Data shown -

--------------------

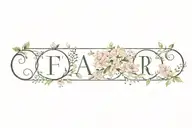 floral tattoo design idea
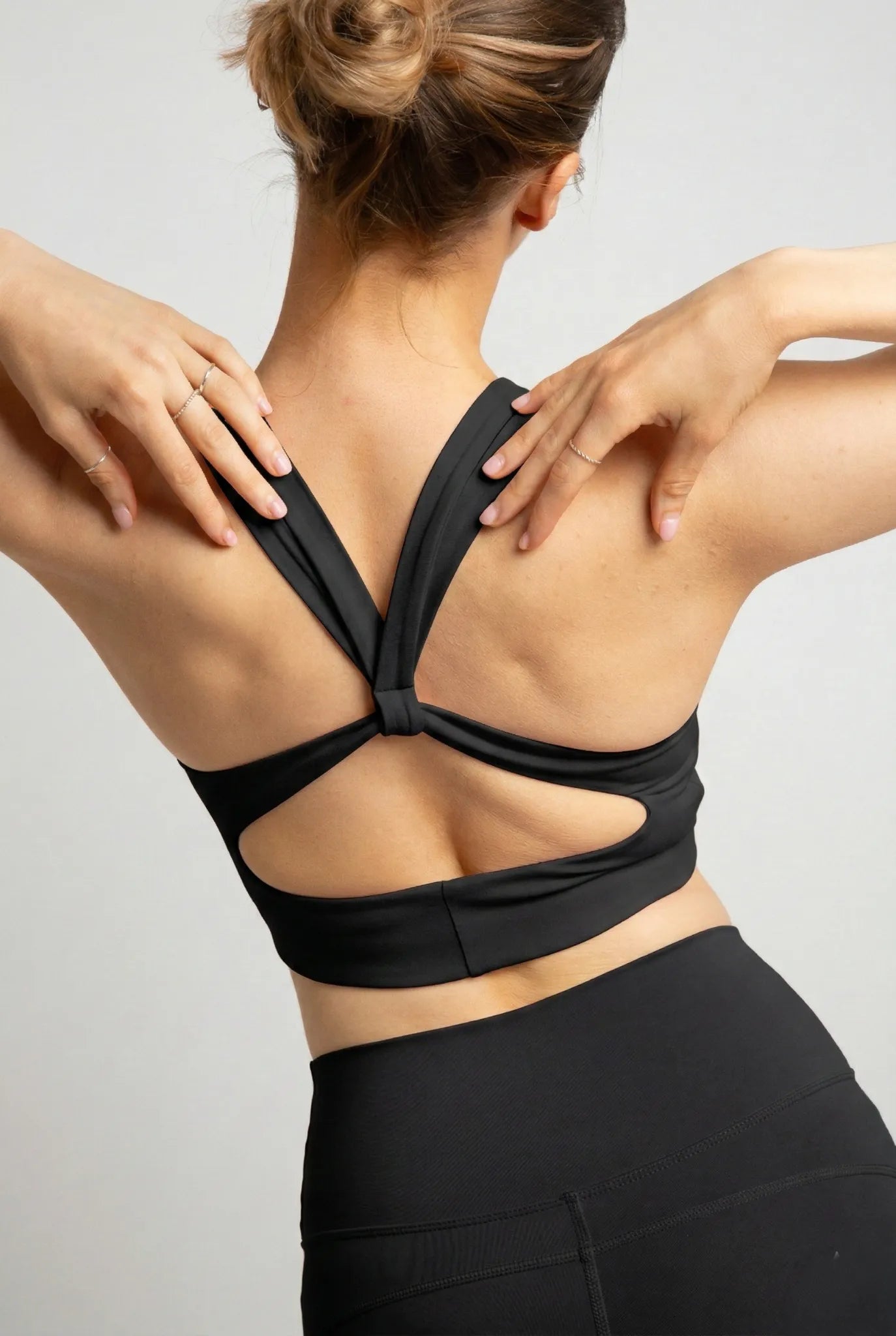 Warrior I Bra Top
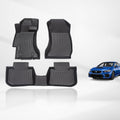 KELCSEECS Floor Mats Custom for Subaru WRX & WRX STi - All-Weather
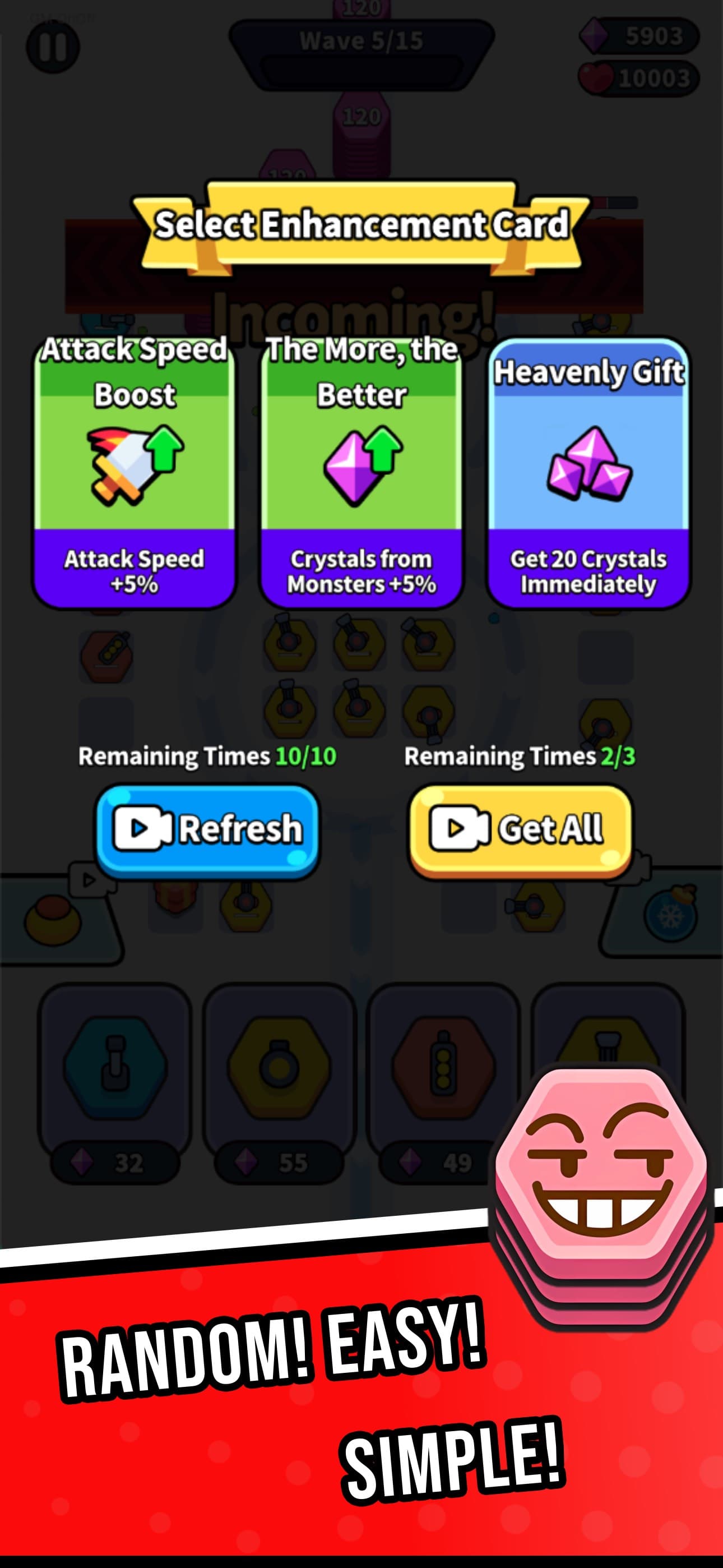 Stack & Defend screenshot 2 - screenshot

--------------------

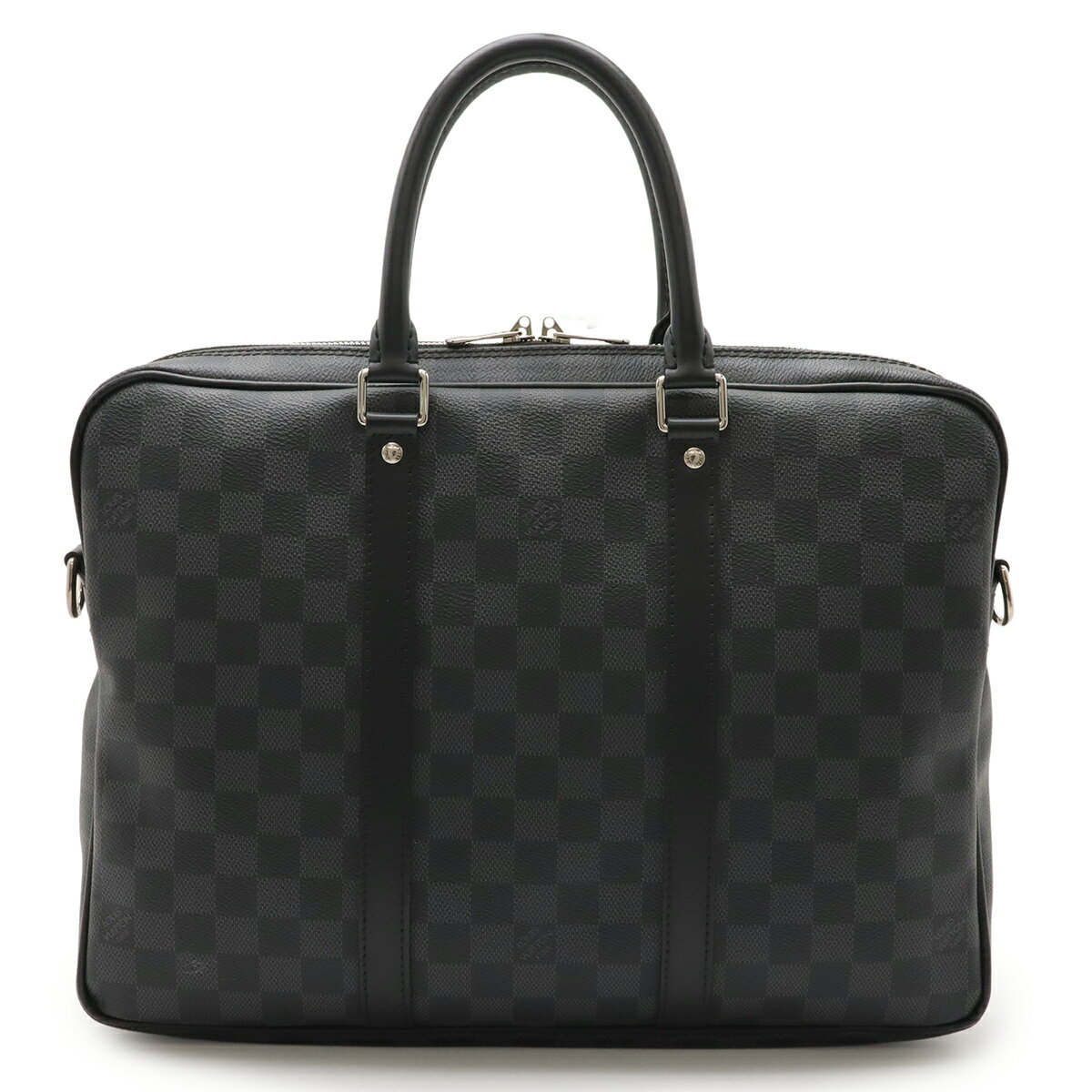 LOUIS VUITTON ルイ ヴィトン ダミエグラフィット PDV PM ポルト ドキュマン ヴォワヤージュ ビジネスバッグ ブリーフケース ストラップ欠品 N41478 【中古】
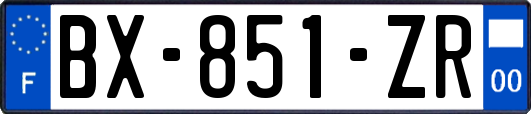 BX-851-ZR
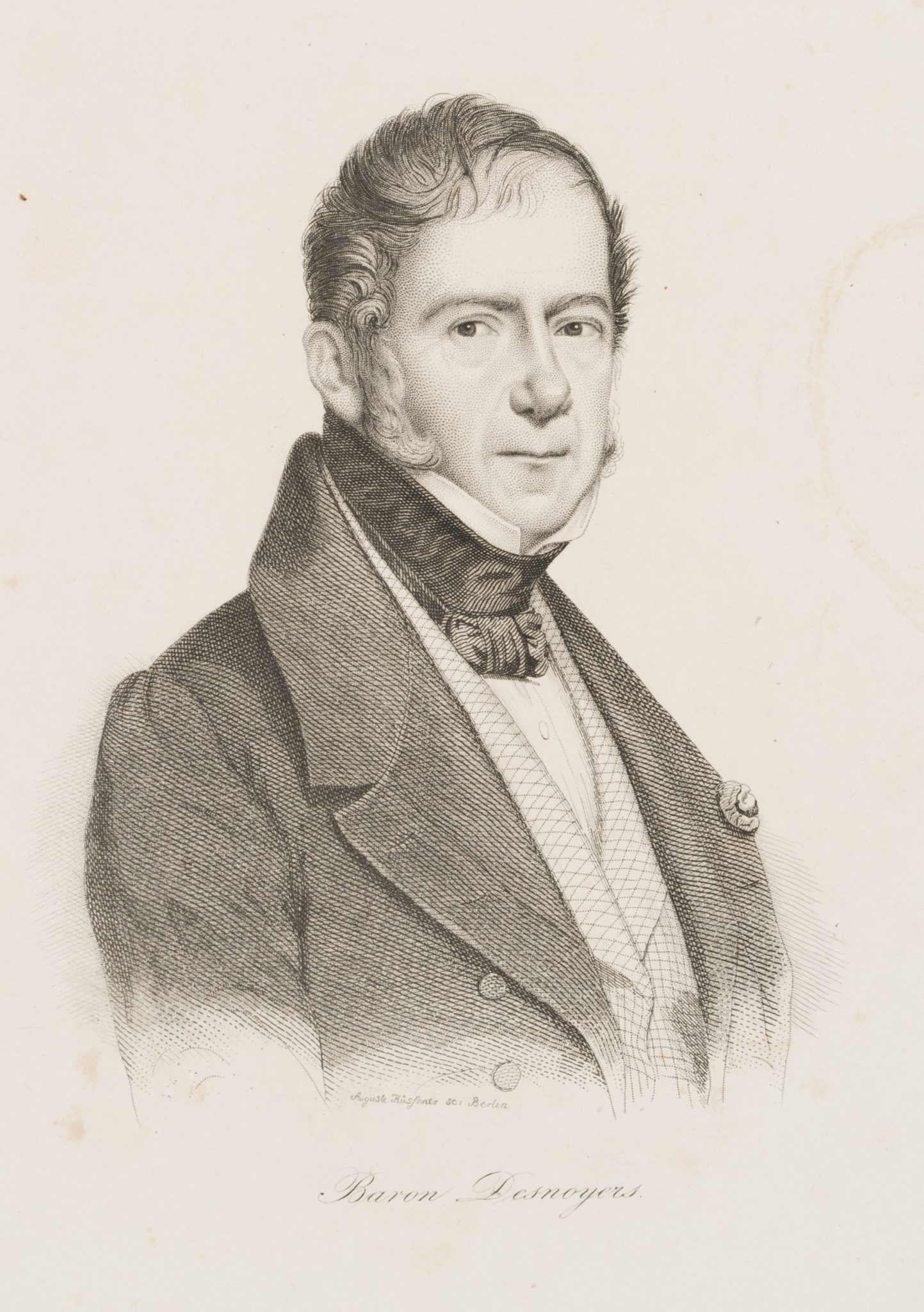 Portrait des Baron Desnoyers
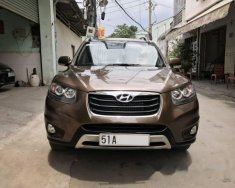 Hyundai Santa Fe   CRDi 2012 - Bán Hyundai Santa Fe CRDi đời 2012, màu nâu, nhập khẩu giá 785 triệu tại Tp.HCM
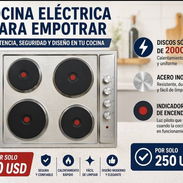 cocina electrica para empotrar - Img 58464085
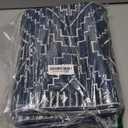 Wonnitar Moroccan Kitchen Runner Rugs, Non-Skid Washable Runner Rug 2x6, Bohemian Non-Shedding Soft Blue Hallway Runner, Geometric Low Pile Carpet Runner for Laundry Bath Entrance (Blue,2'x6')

--------------------

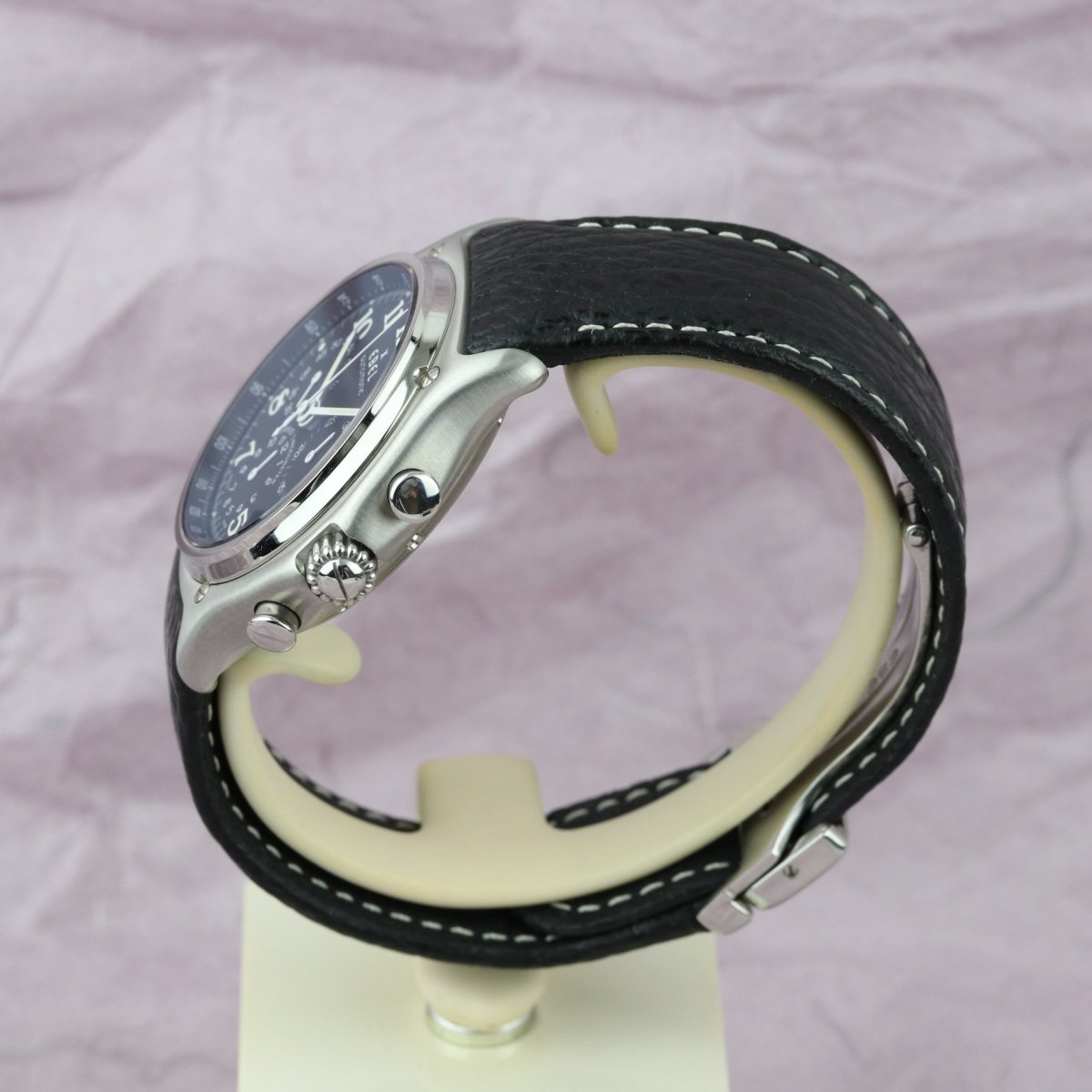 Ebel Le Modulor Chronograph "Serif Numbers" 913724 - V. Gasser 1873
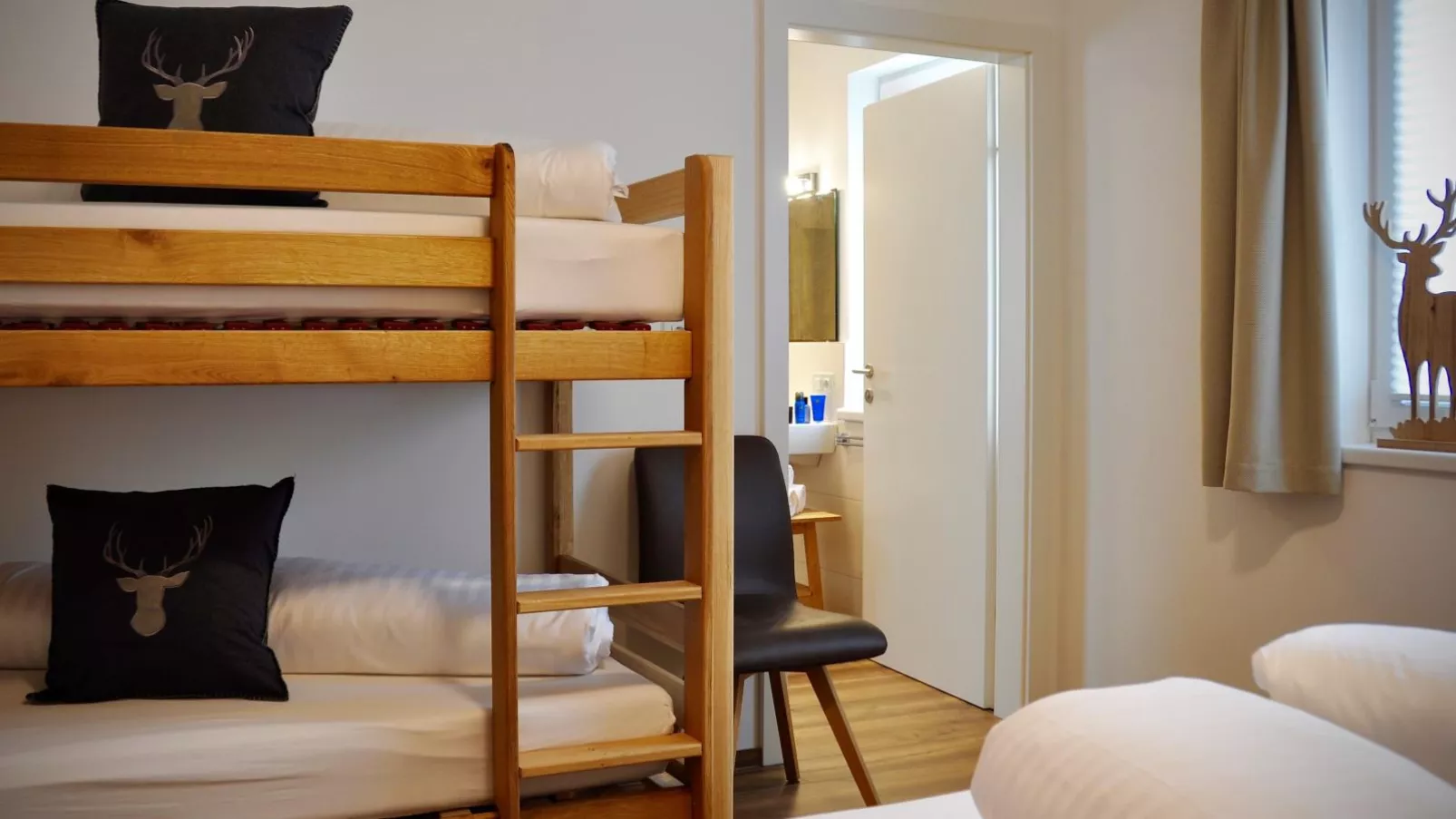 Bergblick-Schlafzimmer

--------------------

Task item - Starting at the line containing "KELCSEECS Floor Mats" and finishing at the line containing "Stack & Defend screenshot 2 - screenshot", return those lines exactly as they appear above, without the pictures.

Solution to the exercise -
 KELCSEECS Floor Mats Custom for Subaru WRX & WRX STi - All-Weather
 Stack & Defend screenshot 2 - screenshot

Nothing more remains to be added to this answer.